Hailed as “leading the way on the regulation of this technology” by transport minister Rachel Maclean, the commissions propose a new approach to assigning responsibility.
The proposals include:
- Implementing a new, start-to-finish self-driving vehicle safety assurance scheme that includes monitoring performance and software updates throughout the vehicle’s life
- Clearly defining the responsibility of drivers, users and fleet owners according to the capabilities of self-driving technologies, ensuring that self-driving vehicles are only ever used in the way they are intended
- Ensuring that manufacturers and technology developers recognise their role in guaranteeing the safety of the vehicle, while freeing the driver from responsibility when the self-driving mode is engaged. This would mean that the user-in-charge (a new concept to describe a former driver once the vehicle is driving itself) would not be criminally liable if an accident occurred whilst the self-driving mode is engaged.
The proposals also take lessons from the aviation sector, advocating a ‘no blame culture’, that will increase the quality of safety assurance over time while applying regulatory sanctions where appropriate.
Nicholas Paines QC, public law commissioner, said: “As the UK prepares for the introduction of automated vehicles on our streets, it’s vital that the public have confidence in this technology.
“Our proposed legal framework will ensure that this technology can be safely deployed, whilst the flexibility built into the rules and regulations will allow us to keep up with advances in the technology.”
“We look forward to hearing views on how we can improve on our proposals.”

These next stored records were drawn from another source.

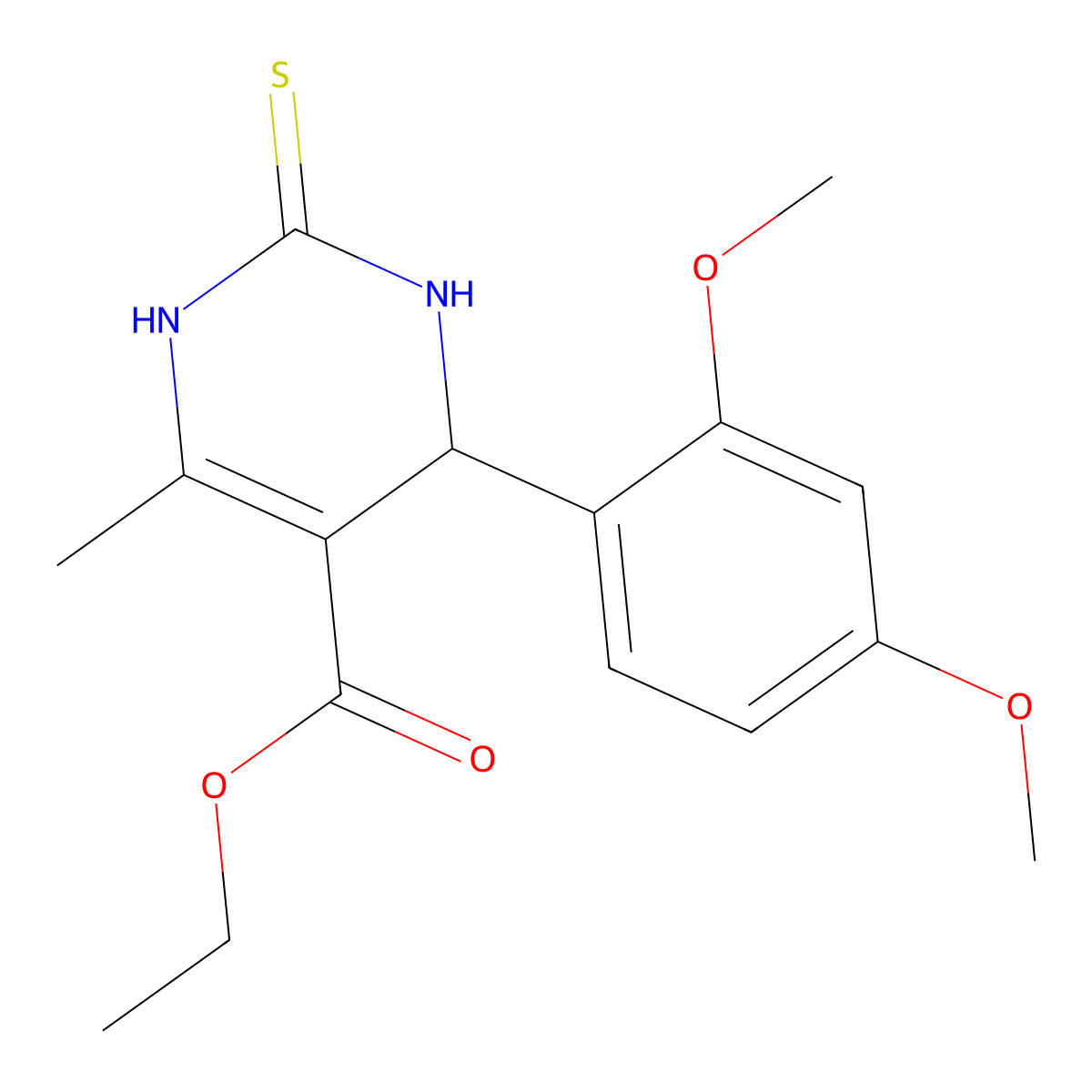 Ethyl 4-(2,4-dimethoxyphenyl)-6-methyl-2-sulfanylidene-1,2,3,4-tetrahydropyrimidine-5-carboxylate molecular structure, CAS 292852-45-0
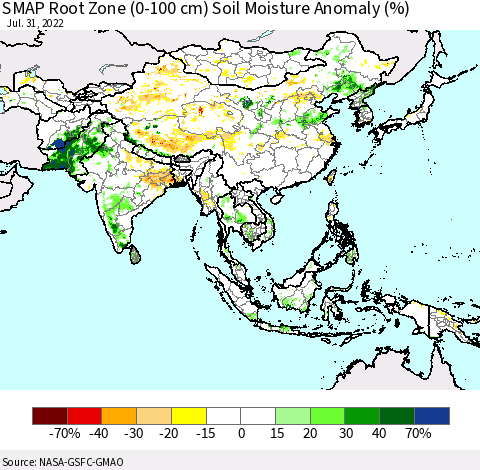 Asia SMAP Root Zone (0-100 cm) Soil Moisture Anomaly (%) Thematic Map For 7/26/2022 - 7/31/2022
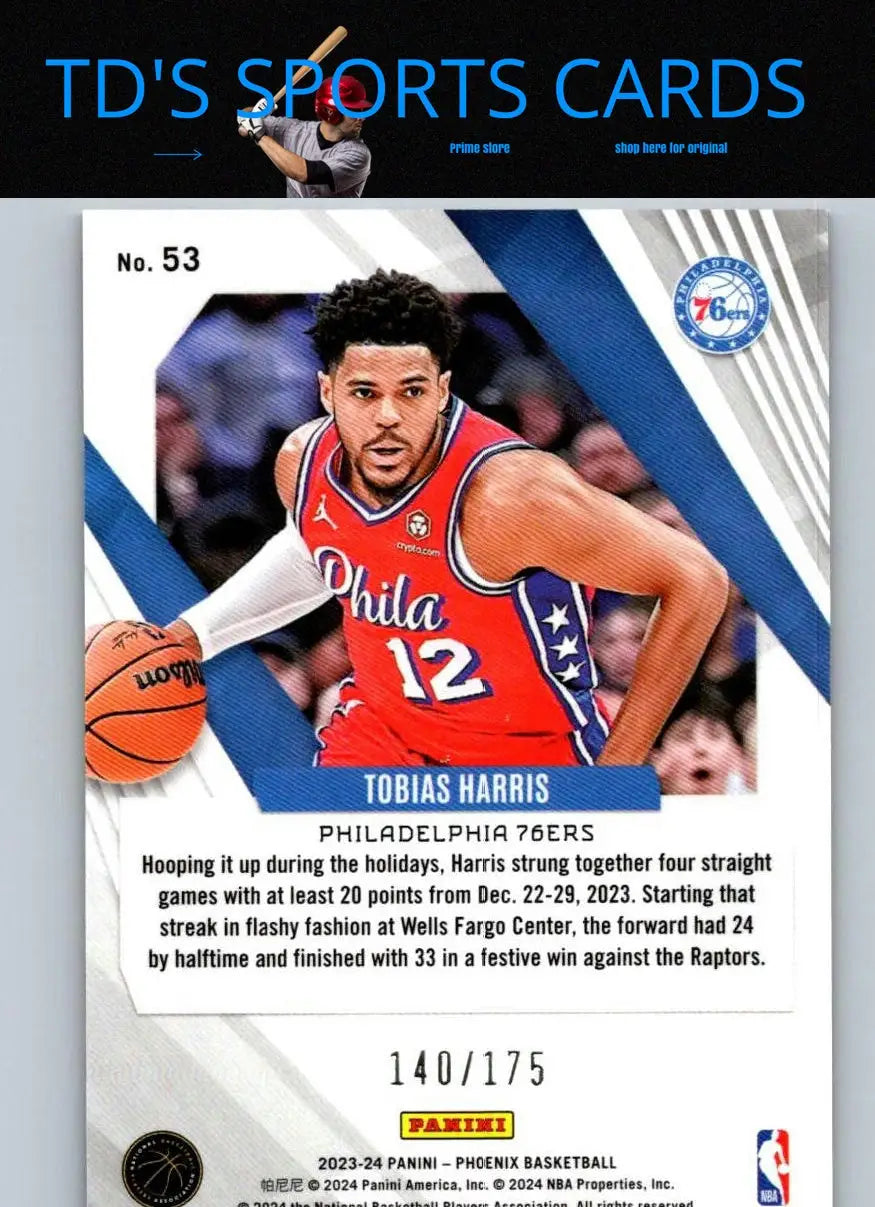Tobias Harris Pink basketball card from 2023-24 Panini Phoenix #53 limited to 175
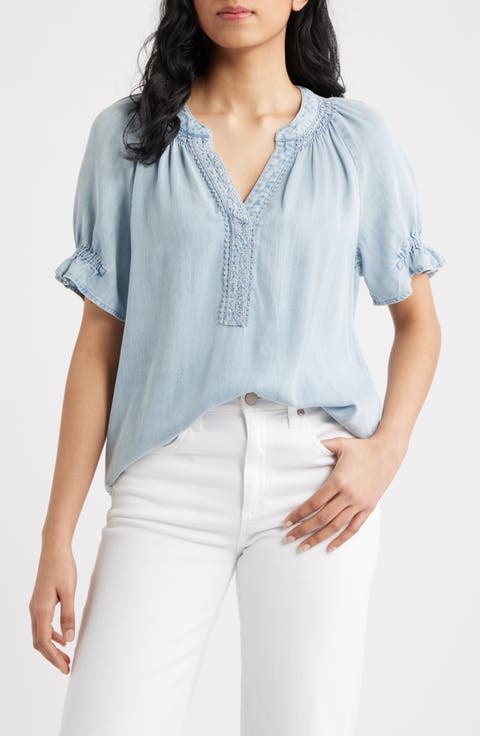 Smocked Embroidered Chambray Top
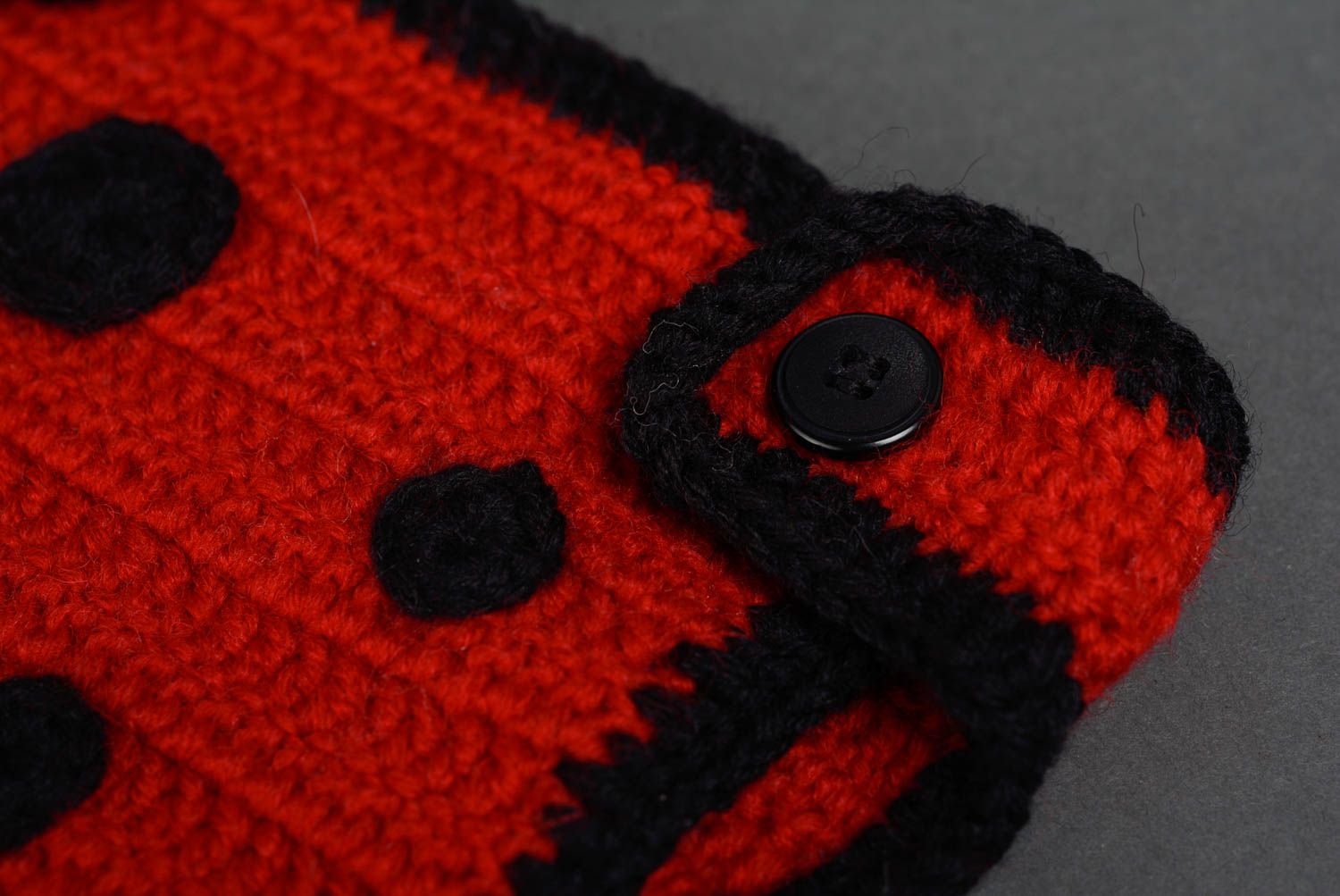 Costume de coccinelle pour bébé tricoté au crochet fait main bonnet et culotte photo 3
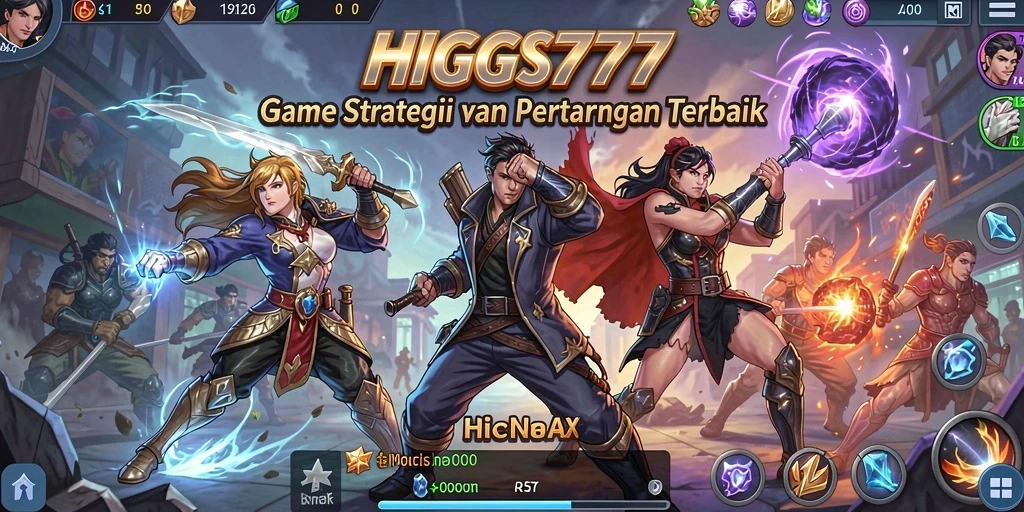 Tampilan gameplay HIGGS777 menampilkan pertarungan SLG yang intens dan strategis.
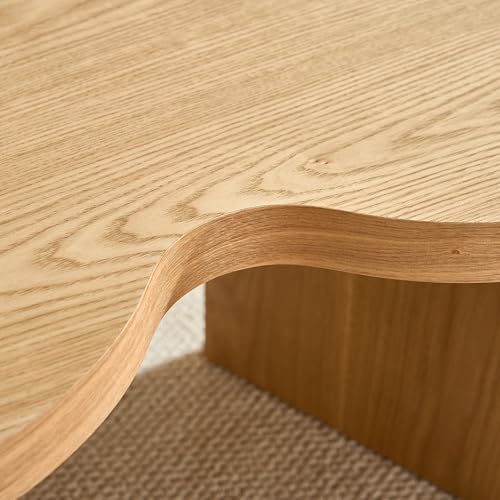 Nesting Coffee Table Set of 2 for Living Room, Couch/Bedroom Side, Butterfly Shaped Unique Cute, 31.49" Wood Irregular Fun Center Table for Small Space - Oak - color: 31.5"&31.5"-oak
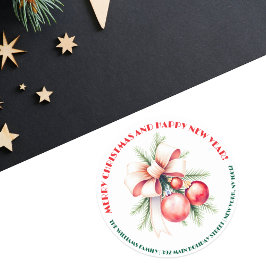 Bow Ornamenten Pine Needles Kerstadres Ronde Sticker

David Bartos, Scottish law commissioner, said: “Automated vehicles have the potential to transform how we travel in the United Kingdom however we need to have the right regulations in place to ensure we protect the public whilst allowing this technology to thrive.”
“The responses to our consultation, from a wide range of stakeholders will help us to create a legal framework that achieves these aims.”
Ms Maclean added: “Self-driving vehicles can contribute to improving and levelling up transport across the country, making every day journeys greener, safer, more flexible and more reliable.
“The UK is leading the way on the regulation of this technology, supporting innovation and putting safety at the heart of everything we do – ensuring self-driving vehicles are safe, secure and ultimately benefit all of society.”